This weakens any behavioural constraint linked to sustainability. Even in markets and demographics typically associated with higher environmental awareness, this awareness does not consistently translate into purchasing behaviour, as can be seen from the geographical and generational data presented above.

Social and cultural factors further reinforce these dynamics. Digital platforms have reshaped not only how consumers discover products, but how they engage with them. Content formats such as haul videos, “get ready with me,” and unboxing have made trial-based consumption visible and socially acceptable. Purchasing multiple items with the intention of returning some is no longer hidden behaviour; it is often presented as part of the experience. In this environment, returns are not simply tolerated – they are, in some cases, implicitly encouraged.

Beyond observable behaviours, there is also a less visible psychological dimension. While “size and fit” dominate reported return reasons, these categories often mask more complex evaluations. Perception of fit is influenced by body image, expectations, and context. An item that is technically correct may still be rejected if it does not align with how the consumer perceives themselves. These factors are difficult to capture through standard return interfaces, yet they play a material role in decision-making (Stöcker et al., 2021).

Importantly, these behaviours do not appear to diminish with experience. Evidence suggests that return patterns stabilise over time rather than improve (Stöcker et al., 2021). Consumers learn how to navigate the system efficiently, incorporating returns into their routine. In this sense, returns are not a temporary inefficiency. They are a learned response to a system that accommodates and in some cases rewards experimentation.

All these elements shift the interpretation of return behaviour. Returns are not driven solely by imperfect information or product mismatch. They are the result of an interaction between incentives, habits, social norms, and psychological factors, all operating within a system designed for flexibility and convenience.

This has direct implications for the effectiveness of current solutions. Tools that aim to reduce uncertainty at the point of purchase address only part of the problem. When behaviour is shaped by intentional trial, low perceived cost, and system familiarity, improvements in accuracy alone are unlikely to produce structural change. Addressing return rates therefore requires engaging not only with what consumers know, but with how they behave, and why the system allows them to behave that way.

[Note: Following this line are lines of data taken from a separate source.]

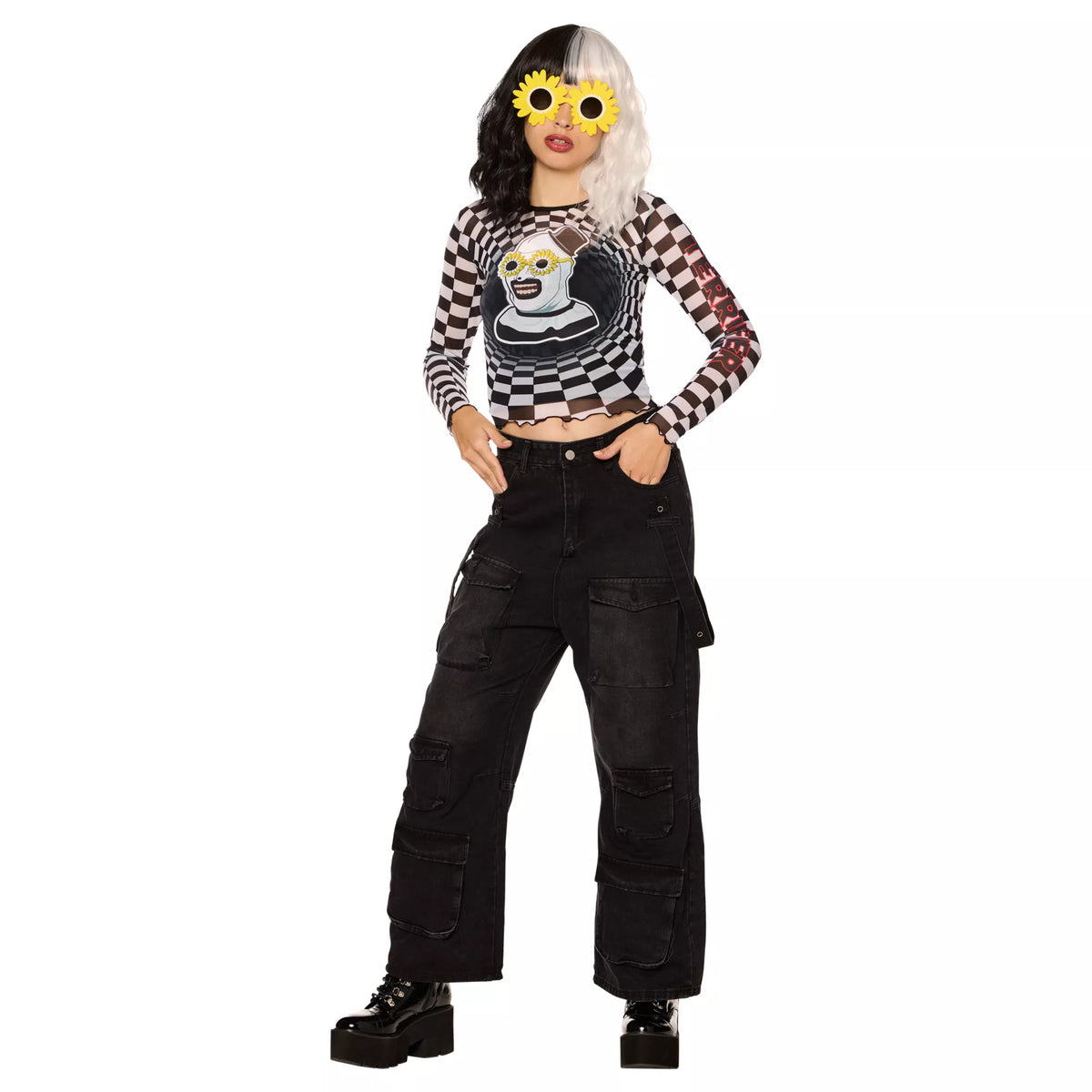 Adult Art the Clown Checkered Mesh Top - Terrifier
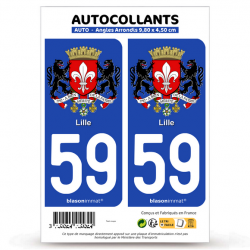 2 Autocollants plaque immatriculation 59 Lille - Armoiries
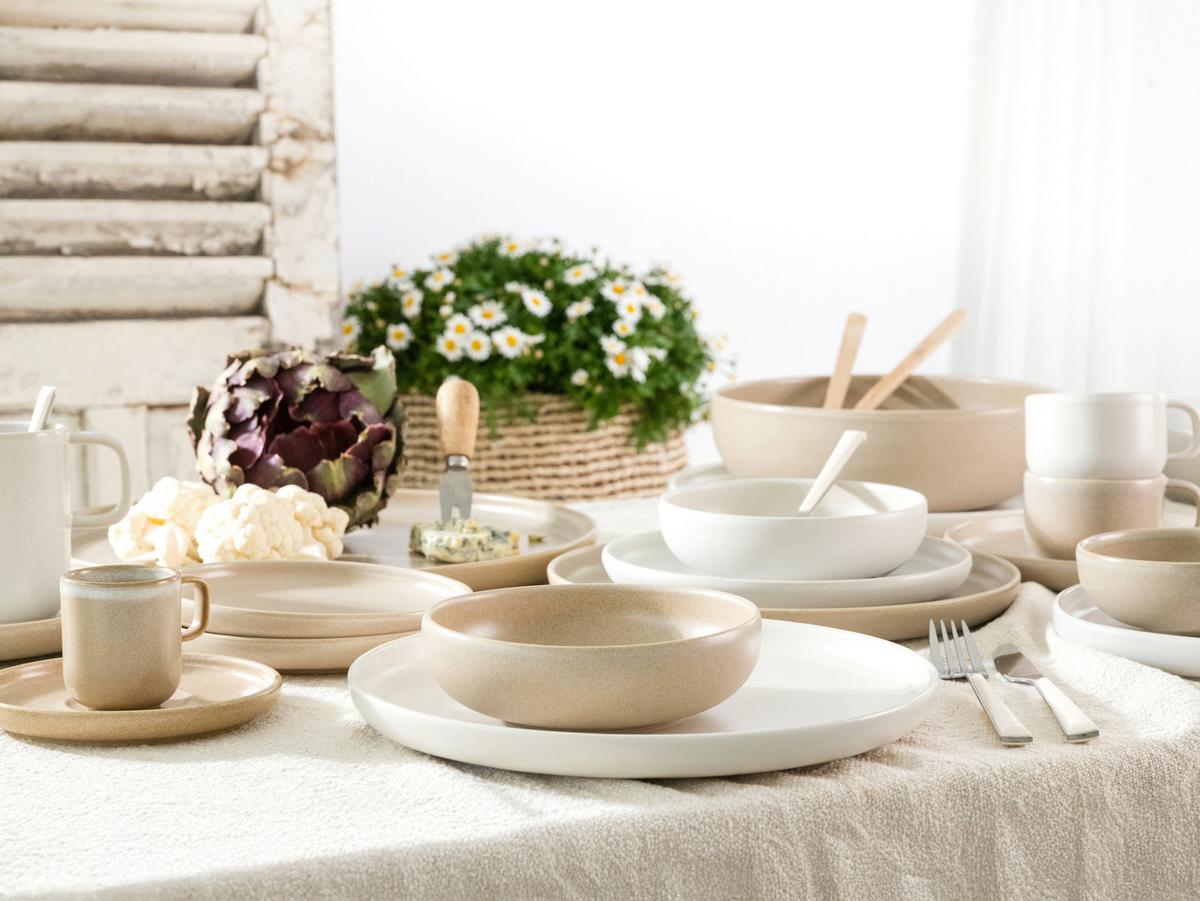 Kombiservice Uno Toscana Steinzeug, 4 Pers., 16-Teilig - Beige/Creme, Basics, Keramik - Creatable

State of the Art: Existing Technological Tools to Address Returns

The current landscape of tools designed to reduce online apparel returns is both active and fragmented. Most solutions focus on a specific moment in the customer journey: the point at which a consumer decides whether to purchase an item. The underlying assumption is consistent across the market: returns are primarily caused by uncertainty, particularly around size, fit, and product representation (McKinsey & Company, 2023; Coresight Research, 2023).

This assumption has driven significant investment in visualisation and fit-related technologies. Virtual try-on tools, augmented reality applications, and avatar-based systems aim to help consumers better anticipate how a product will look. In parallel, sizing engines and recommendation tools use historical data, brand-specific measurements, and customer inputs to suggest the “right” size. More advanced approaches extend to 3D body scanning, attempting to match precise body data with garment specifications.

A first major group of tools focuses on virtual visualisation and simulation. These include virtual try-on solutions deployed or tested by players such as Google Shopping, Amazon, Old Navy, Zyler, and Zeekit-related applications, as well as avatar-based or augmented reality solutions developed by Yoox, Zara, Zalando, and ASOS. Their objective is to help consumers better imagine how a garment might look on their body, thereby narrowing the gap created by the absence of physical fitting.

A second category focuses more directly on sizing accuracy, through recommendation engines and virtual sizing support, such as those offered by True Fit, Fit Analytics, and similar providers. These systems typically draw on garment measurements, brand-specific size variations, and customer profile data to suggest the most appropriate size.

A third set of tools pushes this logic further through 3D body scanning and digital body modelling, with providers such as 3DLook, Fit3D, Styku and others seeking to create more precise body data that can be matched against garments.

These tools have improved aspects of the purchasing experience. They reduce certain types of friction and can increase confidence in product selection (Coresight Research, 2023). However, their impact on return rates at scale remains limited. Adoption has grown, but aggregate return levels have not shifted significantly. This raises a practical question: are these tools addressing the main drivers of returns, or only a subset of them?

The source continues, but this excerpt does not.